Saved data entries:
++++++++++++++++++++
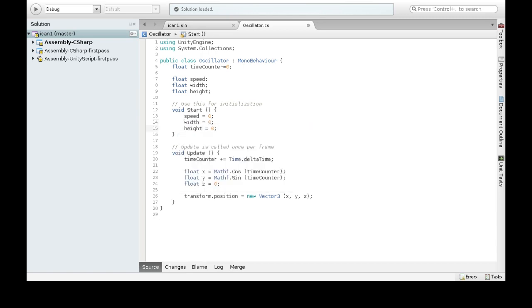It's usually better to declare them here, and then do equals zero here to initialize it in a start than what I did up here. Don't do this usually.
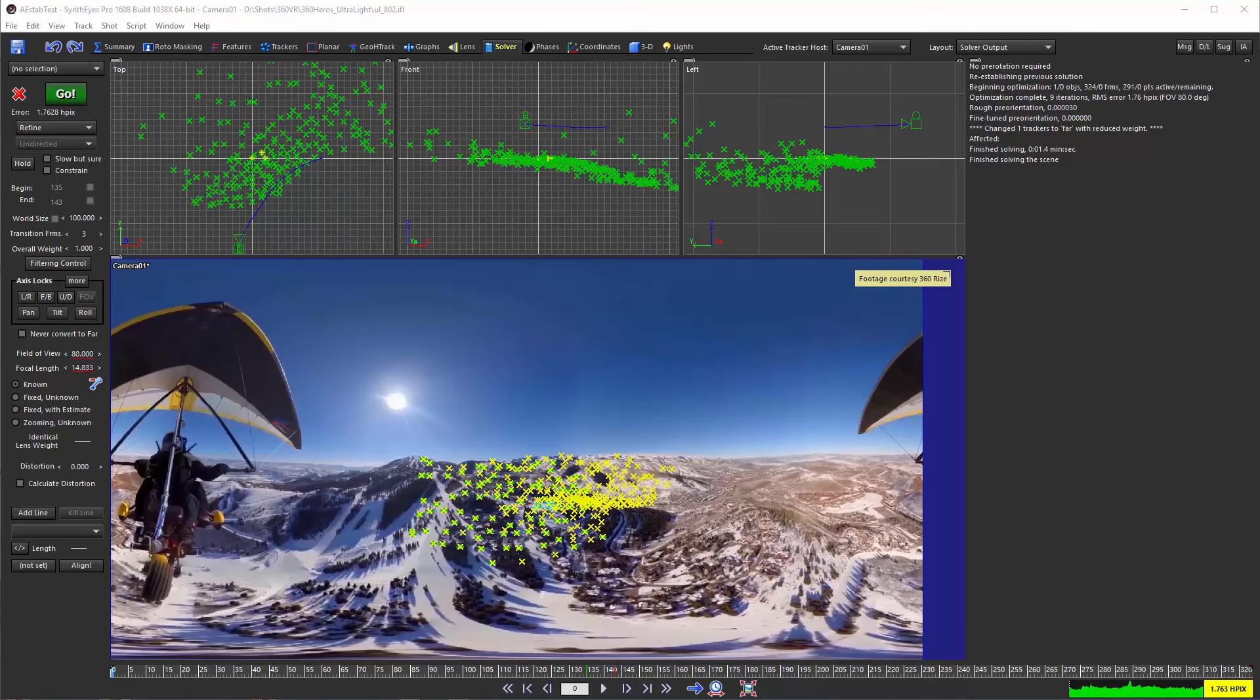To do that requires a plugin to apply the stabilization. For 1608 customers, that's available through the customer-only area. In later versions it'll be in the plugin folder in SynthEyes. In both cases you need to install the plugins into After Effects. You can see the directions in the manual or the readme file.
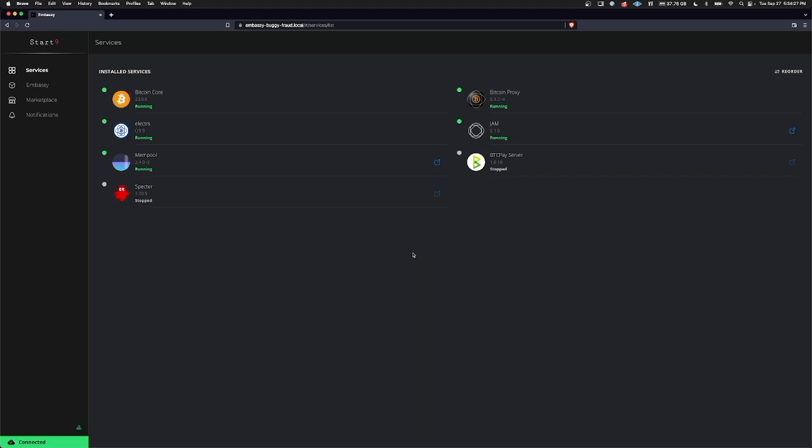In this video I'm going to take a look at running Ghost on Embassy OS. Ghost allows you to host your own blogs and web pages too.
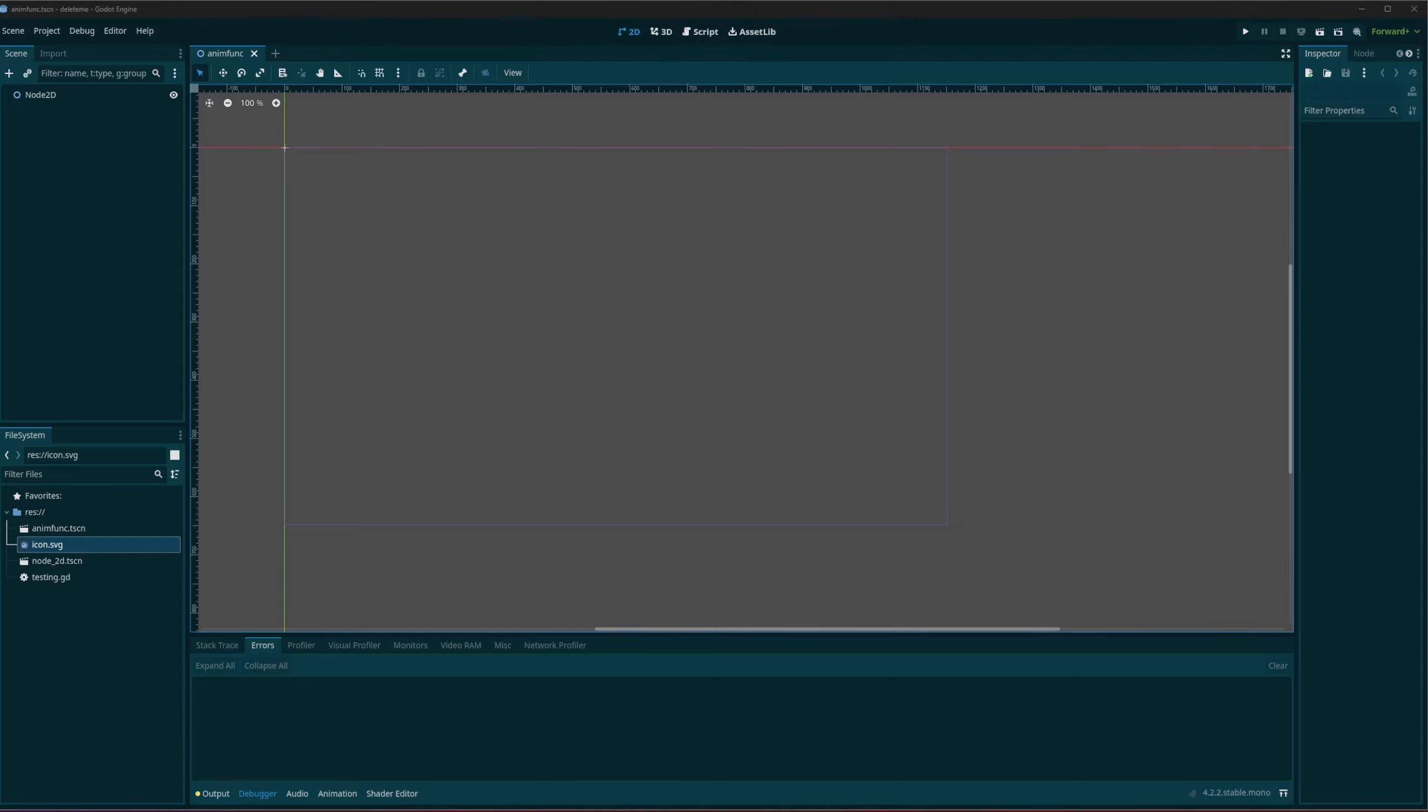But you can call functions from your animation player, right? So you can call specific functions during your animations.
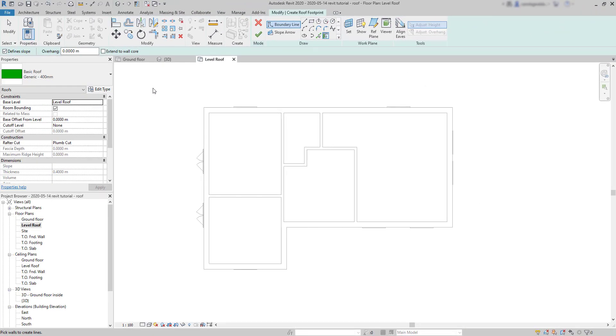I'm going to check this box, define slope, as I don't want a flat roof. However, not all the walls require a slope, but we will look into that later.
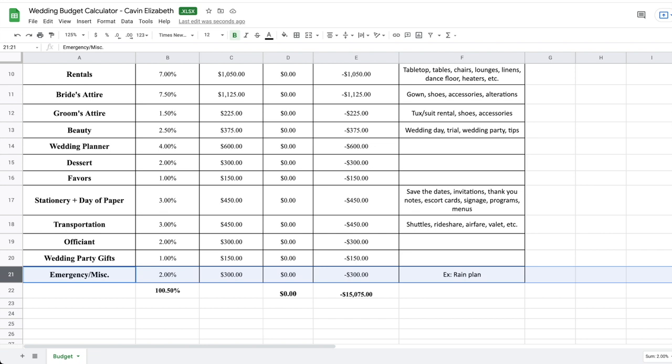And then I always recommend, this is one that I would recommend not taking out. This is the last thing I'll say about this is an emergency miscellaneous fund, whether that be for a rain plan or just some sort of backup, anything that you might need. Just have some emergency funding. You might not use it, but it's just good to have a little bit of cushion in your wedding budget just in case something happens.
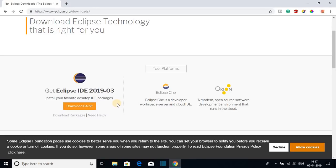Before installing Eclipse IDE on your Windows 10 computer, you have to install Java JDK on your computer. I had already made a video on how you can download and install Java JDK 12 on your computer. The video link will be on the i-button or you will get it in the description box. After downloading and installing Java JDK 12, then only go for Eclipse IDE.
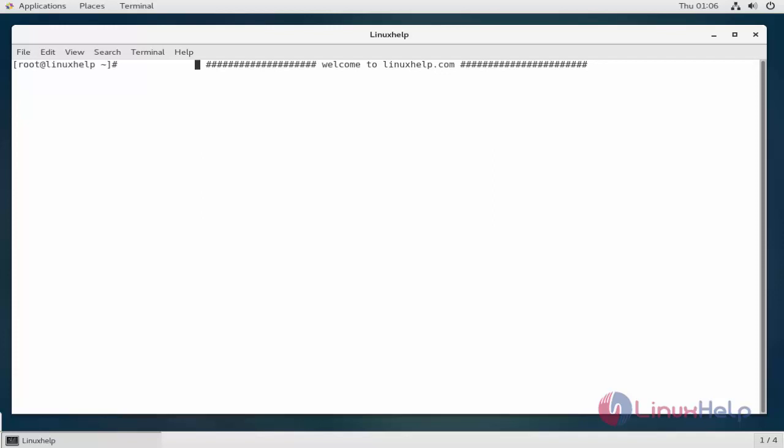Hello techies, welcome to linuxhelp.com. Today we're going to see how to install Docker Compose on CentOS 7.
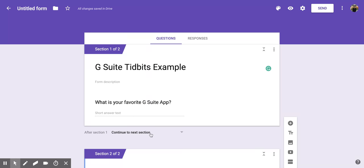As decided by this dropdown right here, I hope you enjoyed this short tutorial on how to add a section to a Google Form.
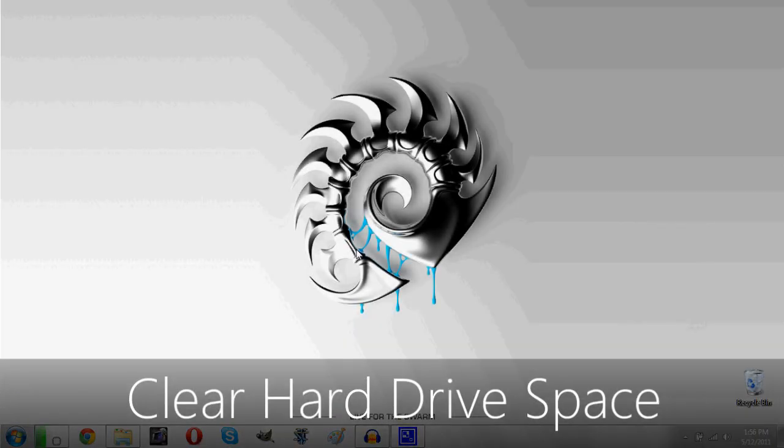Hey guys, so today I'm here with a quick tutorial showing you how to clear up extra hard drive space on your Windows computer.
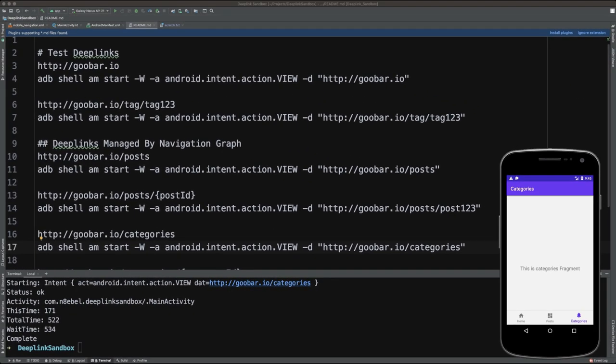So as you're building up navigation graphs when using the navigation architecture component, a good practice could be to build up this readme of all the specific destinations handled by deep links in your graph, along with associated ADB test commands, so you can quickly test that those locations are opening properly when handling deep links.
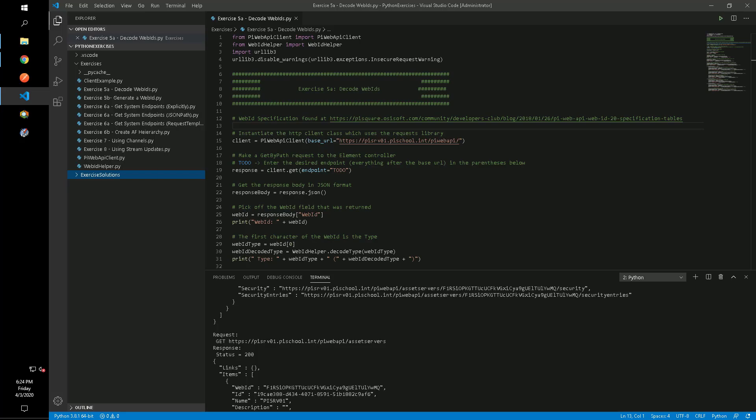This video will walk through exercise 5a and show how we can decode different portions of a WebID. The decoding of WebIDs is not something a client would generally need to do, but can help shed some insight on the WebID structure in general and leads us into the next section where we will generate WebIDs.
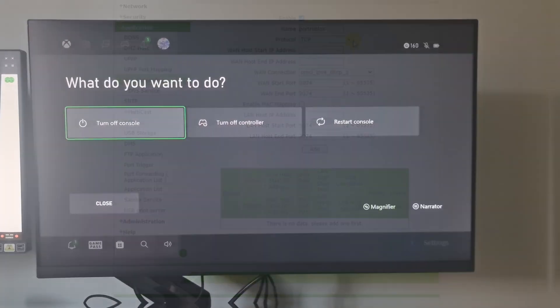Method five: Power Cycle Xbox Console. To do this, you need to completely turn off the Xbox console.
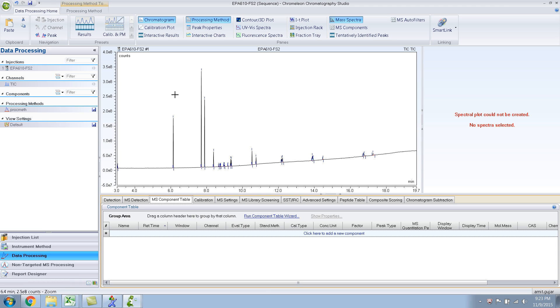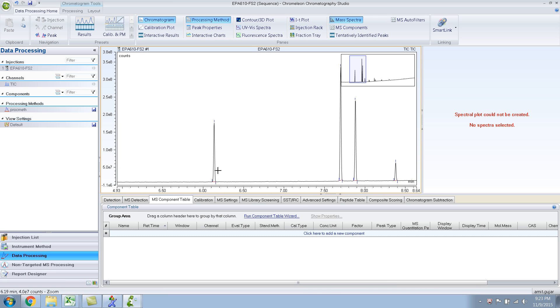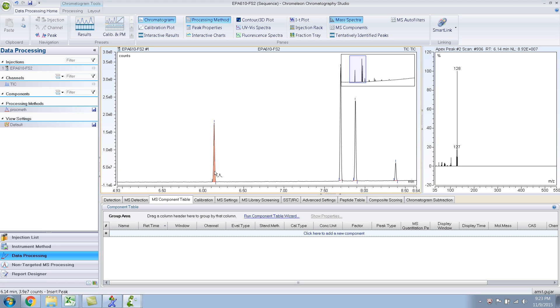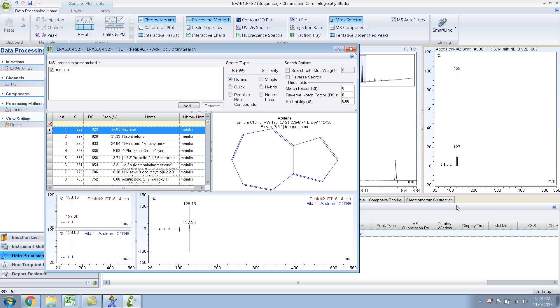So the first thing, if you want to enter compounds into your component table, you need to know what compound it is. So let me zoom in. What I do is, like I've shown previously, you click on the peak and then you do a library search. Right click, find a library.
++++++++++++++++++++
# Problem:
Give exactly the lines above that run from the line with "And then I always" to the line with "Method five: Power", both included, leaving every picture out.

# Response box:
And then I always recommend, this is one that I would recommend not taking out. This is the last thing I'll say about this is an emergency miscellaneous fund, whether that be for a rain plan or just some sort of backup, anything that you might need. Just have some emergency funding. You might not use it, but it's just good to have a little bit of cushion in your wedding budget just in case something happens.
Before installing Eclipse IDE on your Windows 10 computer, you have to install Java JDK on your computer. I had already made a video on how you can download and install Java JDK 12 on your computer. The video link will be on the i-button or you will get it in the description box. After downloading and installing Java JDK 12, then only go for Eclipse IDE.
Hello techies, welcome to linuxhelp.com. Today we're going to see how to install Docker Compose on CentOS 7.
As decided by this dropdown right here, I hope you enjoyed this short tutorial on how to add a section to a Google Form.
Hey guys, so today I'm here with a quick tutorial showing you how to clear up extra hard drive space on your Windows computer.
So as you're building up navigation graphs when using the navigation architecture component, a good practice could be to build up this readme of all the specific destinations handled by deep links in your graph, along with associated ADB test commands, so you can quickly test that those locations are opening properly when handling deep links.
This video will walk through exercise 5a and show how we can decode different portions of a WebID. The decoding of WebIDs is not something a client would generally need to do, but can help shed some insight on the WebID structure in general and leads us into the next section where we will generate WebIDs.
Method five: Power Cycle Xbox Console. To do this, you need to completely turn off the Xbox console.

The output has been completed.